→ WHAT THE EXERCISE ASKS: In the material below, find the line that contains "ФАКТОРЫ ПАТОГЕННОСТИ: •" and the line that contains "Flower In Vintage", then write out exactly those two lines and everything between them.

→ GIVEN RECORDS:
☆ ☆ ☆ ☆

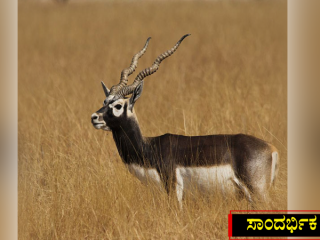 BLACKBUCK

☆ ☆ ☆ ☆

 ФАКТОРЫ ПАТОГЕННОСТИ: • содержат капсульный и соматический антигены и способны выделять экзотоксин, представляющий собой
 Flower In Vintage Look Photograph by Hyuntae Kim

☆ ☆ ☆ ☆

→ WRITTEN SOLUTION:
 ФАКТОРЫ ПАТОГЕННОСТИ: • содержат капсульный и соматический антигены и способны выделять экзотоксин, представляющий собой
 Flower In Vintage Look Photograph by Hyuntae Kim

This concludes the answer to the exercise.